Donghua Research Team Achieves Breakthrough in Smart Wearables and Human–Computer Interaction

Date:2025-12-23

A research team led by Professor Chang Shan from Donghua University’s School of Information and Intelligent Science has developed Baro2Talk, an innovative ear-mounted silent speech interface. The study has been accepted for presentation at IEEE INFOCOM 2026, a top-tier (CCF Category A) international conference, marking another significant milestone for the team’s work in this field.


Baro2Talk is designed to address longstanding challenges in voice-based interaction. Speech is one of the most natural and efficient modes of human–computer communication and has become a dominant input method for mobile devices, wearables, and smart assistants. The global speech recognition market is expected to grow rapidly in the coming years.


However, voice interaction remains limited in noisy environments, privacy-sensitive settings, and for individuals with speech impairments. Existing silent speech interfaces that rely on vision, wireless signals, or inertial sensors often face issues such as intrusiveness, environmental sensitivity, and complex deployment. To overcome these limitations, a new generation of silent speech technologies is emerging. By enabling speech recognition without vocalisation, these systems offer a more natural and robust alternative in situations where conventional voice input is impractical or undesirable.


The study’s core innovation lies in the discovery of temporomandibular joint (TMJ)-dominant pressure variation sequences (TPVS), which underpin the development of Baro2Talk. The researchers found that even silent articulation produces subtle pressure fluctuations within the ear canal, primarily driven by movements of the TMJ, as well as the jaw, tongue, and other oral structures. These signals exhibit consistent, repeatable patterns that encode semantic information, as shown in Figure 1 and 2. By identifying and defining these patterns as TPVS, the study establishes a foundation for modelling the relationship between in-ear pressure changes, their physiological sources, and ultimately, the intended speech content.

Figure 1: Conceptual diagram of Baro2Talk


Figure 2: Example TPVS from two phrases

Following this discovery, the team embedded a miniature barometer into a standard earbud to capture TPVS signals. However, a major challenge remained: directly translating these signals into text proved difficult. The pressure data, sampled at around 100 Hz, is significantly lower in frequency than conventional audio signals, creating a substantial mismatch with high-dimensional text representations. A direct mapping would therefore require an impractically large volume of training data.


To address this, the researchers introduced Mel-spectrograms as an intermediate representation, transforming TPVS into a higher-frequency format aligned with speech characteristics. This approach preserves key features such as formants and pitch contours while bridging the gap between modalities. As Mel-spectrograms are also the standard input for mainstream automatic speech recognition (ASR) systems such as Whisper, they provide a natural interface between the pressure signals and text decoding.


Building on this foundation, the team then tackled three core technical challenges, developing targeted solutions to enable a fully functional system.
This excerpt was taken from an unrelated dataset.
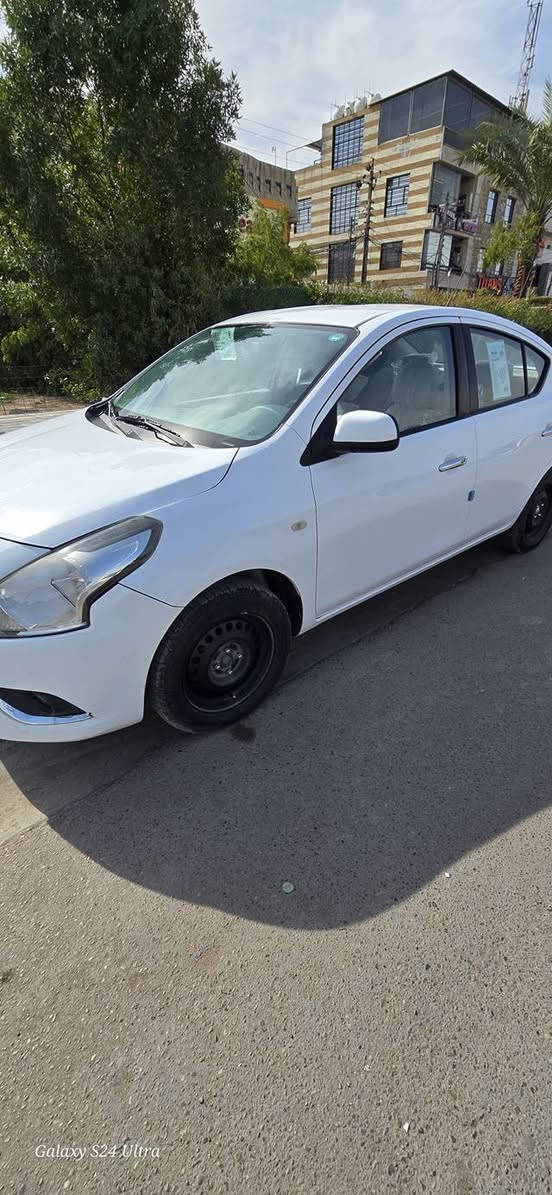 سلام عليكم سني ٢٠٢١ بليته زركة رقم اربيل الجديد سنوية ل٢٧ مكفولة من الضربة والصبغ والسونار مرفق بأسم عربي تريد وكالة او تحويل السعر ١١٤ بيها مجال بسيط العنوان بغداد السيدية ***********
The first challenge lay in the low signal-to-noise ratio and susceptibility to interference inherent in pressure signals. To address this, the team developed a preprocessing pipeline incorporating DC offset removal, band-pass filtering, and signal amplification to enhance signal clarity. They also introduced a short-term energy detection method, combined with local stability checks, to accurately extract silent speech deformation events from continuous TPVS data.


A second challenge involved variability across users and differences in speaking rates. The researchers tackled this by applying domain-adversarial learning to train a Baro-Encoder capable of extracting user-invariant semantic features, as shown in figure 3. In parallel, a rate-aware data augmentation strategy was introduced to generate time-warped TPVS variants, improving the system’s robustness to variations in speaking speed.


The third—and most fundamental—challenge stemmed from the non-acoustic nature of the signals and the absence of fine-grained supervision. Unlike conventional speech, which originates from vocal cord vibrations, TPVS is generated by internal articulatory movements and contains no acoustic energy. As a result, its spectrograms do not directly correspond to those of audio signals and cannot be mapped to them straightforwardly, as illustrated in Figure 4. This makes intermediate representations such as Mel-spectrograms essential. In addition, the lack of aligned phoneme- or frame-level labels renders traditional modelling approaches ineffective.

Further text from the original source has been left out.